Whey protein powder is probably the first can of protein that most fitness enthusiasts purchase, and it marks the start of a strong relationship that continues to grow. Weightlifting and whey protein go hand in hand. One without the other is difficult to imagine. It might not be easy to choose the best and buy whey protein because there are so many various supplement brands and types available. If you adhere to the below recommendations, choosing the best whey protein supplement will be a breeze.
To make the best choice, first know the various types of whey protein.
Whey protein concentrate
Whey Protein Concentrate, Base Whey contains less fat and sugar (more than other forms of whey). Whey protein concentrate has a weight-based protein concentration of 30–80%. Other protein subfractions are included in whey protein concentrates for added health benefits. Most whey protein concentrates have 80% protein. As a result, 100g of whey concentrate includes 82g of protein, roughly 9g of carbohydrates (nearly half of which are lactose), and 6g of fat.
Whey protein isolate
The purest protein currently available is whey protein isolate. Whey Protein Isolate is nearly pure, contains over 90% protein by weight, and is devoid of lactose, carbs, fat, and cholesterol. It also includes a high concentration of branched-chain amino acids. Usually, 100g of whey protein isolate delivers 92g of protein in fewer calories and is almost entirely fat- and cholesterol-free.
Whey protein hydrolyzate
The fastest-digesting protein is whey hydrolysate. The protein in hydrolysates has partially been broken down by exposure to heat, acid, or enzymes. When ingested fast, this balances the taste of the protein, which becomes slightly bitter.

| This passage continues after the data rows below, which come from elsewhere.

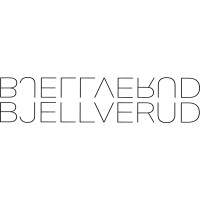 Bjellverudstore logo, Bjellverudstore contact details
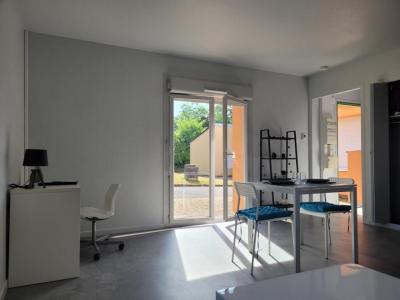 Location Appartement NOGENT  52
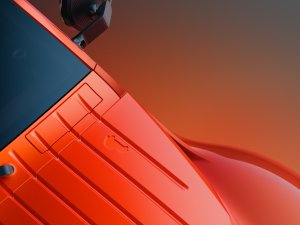 Met deze goedkope auto trekt Citroën lange neus naar Chinese merken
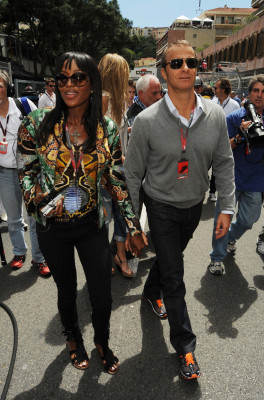 photo 17 in Naomi Campbell gallery [id1279898] 2021-11-14 00:00:00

Once you understand the three types of whey now, follow these tips.
Check the protein percentage.
Different protein brands come in a range of protein content, with some reaching as high as 90% and others as low as 55%. Buy whey protein with at least 80% protein. Unless you want some form of mass gainer or carb and protein combo, anything less than that is not a very good purchase.
Go for the scoop size
Most people evaluate protein powders based on how much protein is in each scoop. The size of the scoop should also be considered before assessing the quantity of protein in a scoop, even though many individuals pick brands that give more protein per scoop. It is generally preferable to calculate the amount of protein in 100 grams of powder than per scoop.
Source of protein
Look for companies that exclusively sell proteins made from milk. It’s all about whey protein, so stick to products whose labels list whey protein isolate, whey protein concentrate, or whey protein blend as an ingredient. Check the list of substances you use as a bulking agent to ensure soy protein is not included.
Beware of peaks in amino acid levels
Many whey protein manufacturers are adding cheap amino acids like glycine, alanine, and taurine to help fulfil the requirements of protein percentage labels in lab reports as dairy prices continue to grow and stay competitively priced. Don’t buy whey protein if it contains words like “amino acid blend” or “amino matrix.” This implies that amino acids are only included in protein powders for their nitrogen concentration.